Task statement:
Each record should be given again exactly, and any picture in it left out.

Recorded data:
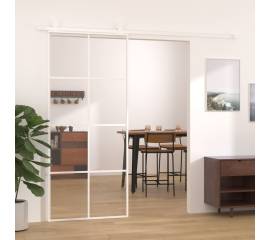 Ușă glisantă, alb, 90x205 cm, sticlă esg și aluminiu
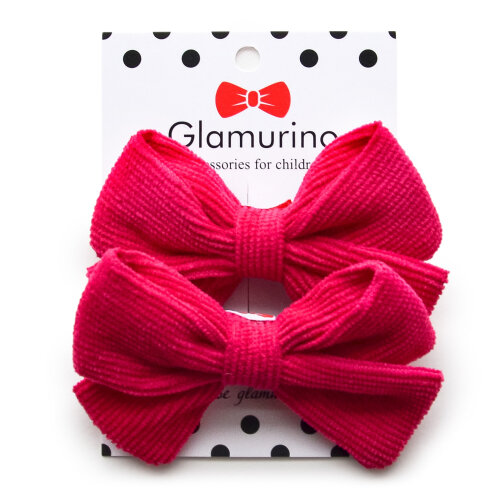 Tina's hair bows (microwelvet) raspberry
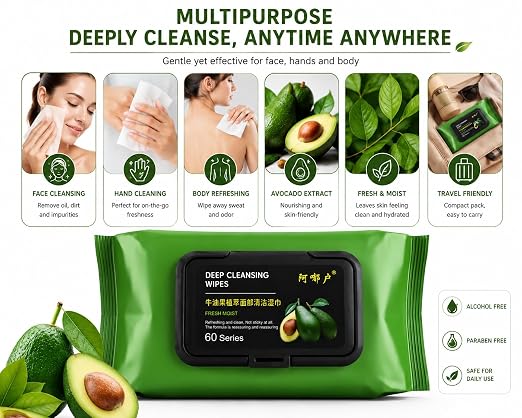 Plant-Essence Makeup Remover Wipes – 80-Piece Soothing Cleansing Towelettes with Vitamin A & E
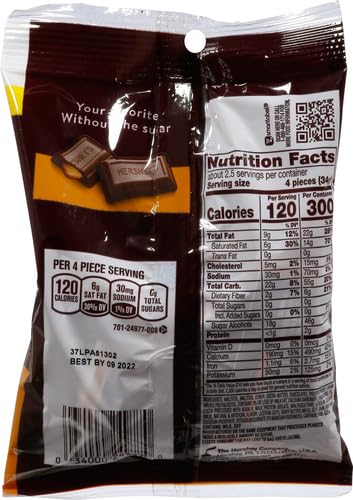 Hershey's Sugar Free Chocolate with Caramel Candy - 3oz Bag (6-Pack) | Low Carb Keto Snacks for Diabetics & Weight Loss | Perfect for Office, Travel & Gift Giving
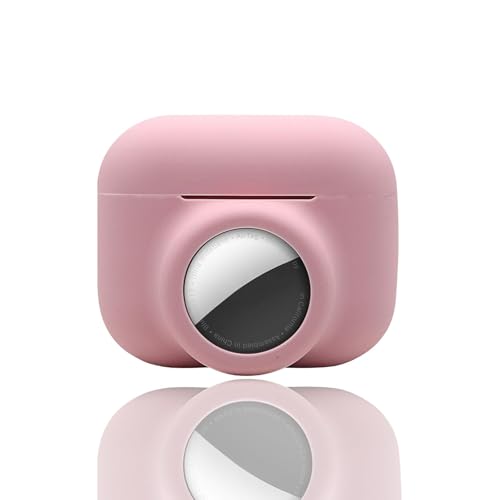 [ 2 in 1 ] Anti-Scratch Anti-Fall Anti-Lost Protective Cover Compatible with AirPods Pro and AirTag, Soft Silicone Protective Case for Womens Mens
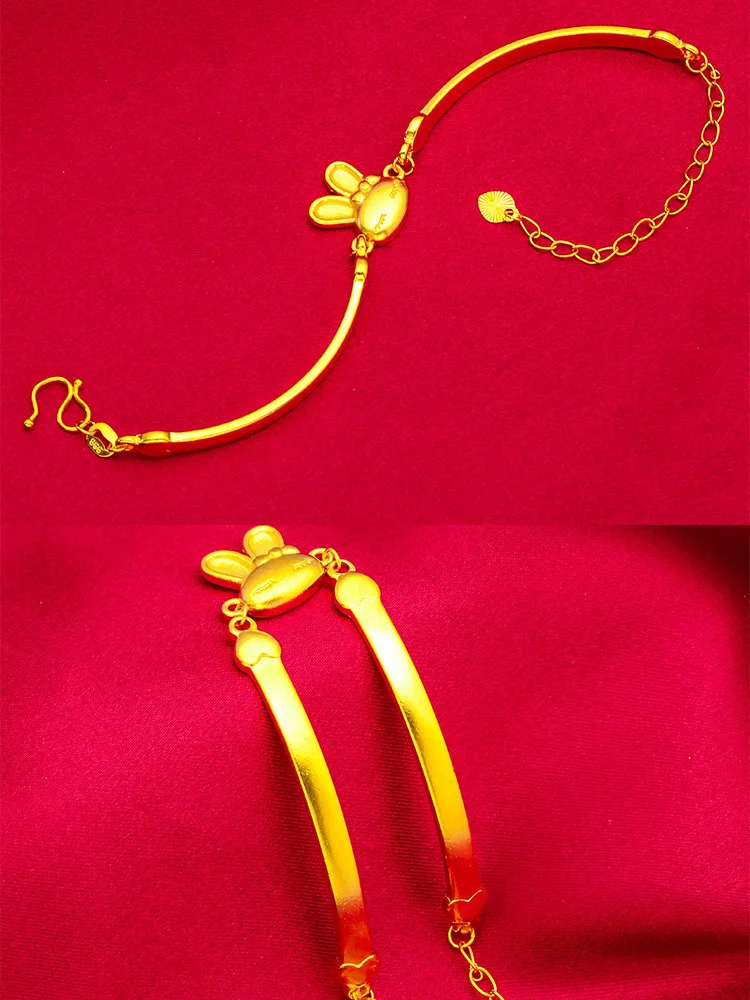AU999 24K Gold Women's Rabbit Bracelet - Polished Rabbit, Chiseled Rabbit Texture,  Commute Date Girly Aura Full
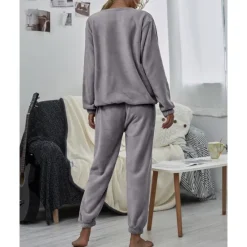 Sale Women's Pink Fleece Pajamas Nighty Pjs Sets 2 Pieces Pure Color Sport Simple Comfort Party Home Street Warm Gift Long Sleeve Hoodie Pant Elastic Waistband Winter Fall Home Outfits Women Pajama-Setter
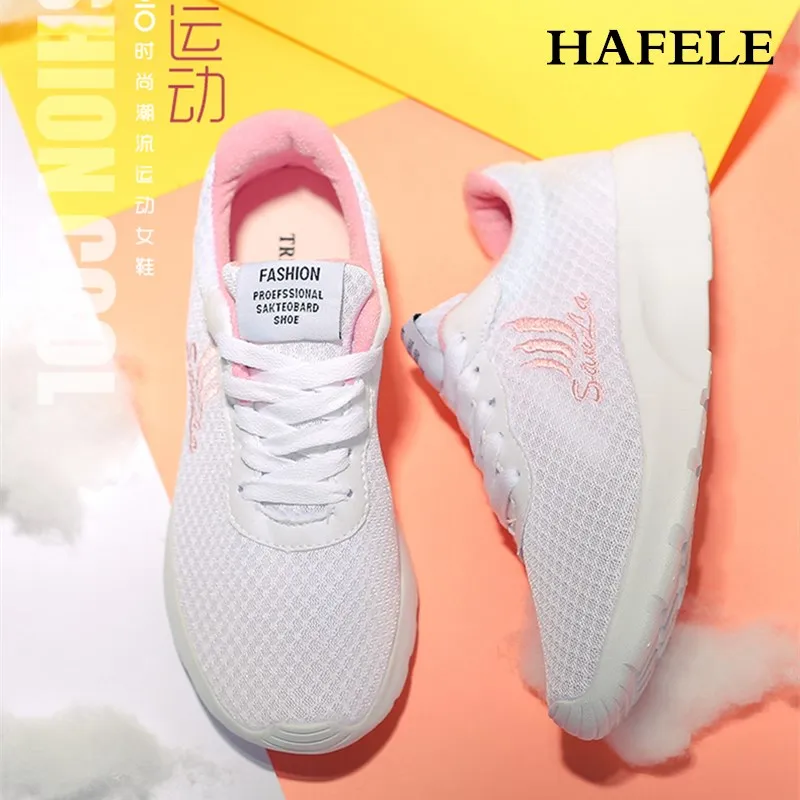 Women shoes fashion lace up walking flat white sneakers women breathable mesh vulcanize Flat outdoors | Спорт и развлечения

Output of the exercise:
 Ușă glisantă, alb, 90x205 cm, sticlă esg și aluminiu
 Tina's hair bows (microwelvet) raspberry
 Plant-Essence Makeup Remover Wipes – 80-Piece Soothing Cleansing Towelettes with Vitamin A & E
 Hershey's Sugar Free Chocolate with Caramel Candy - 3oz Bag (6-Pack) | Low Carb Keto Snacks for Diabetics & Weight Loss | Perfect for Office, Travel & Gift Giving
 [ 2 in 1 ] Anti-Scratch Anti-Fall Anti-Lost Protective Cover Compatible with AirPods Pro and AirTag, Soft Silicone Protective Case for Womens Mens
AU999 24K Gold Women's Rabbit Bracelet - Polished Rabbit, Chiseled Rabbit Texture,  Commute Date Girly Aura Full
 Sale Women's Pink Fleece Pajamas Nighty Pjs Sets 2 Pieces Pure Color Sport Simple Comfort Party Home Street Warm Gift Long Sleeve Hoodie Pant Elastic Waistband Winter Fall Home Outfits Women Pajama-Setter
 Women shoes fashion lace up walking flat white sneakers women breathable mesh vulcanize Flat outdoors | Спорт и развлечения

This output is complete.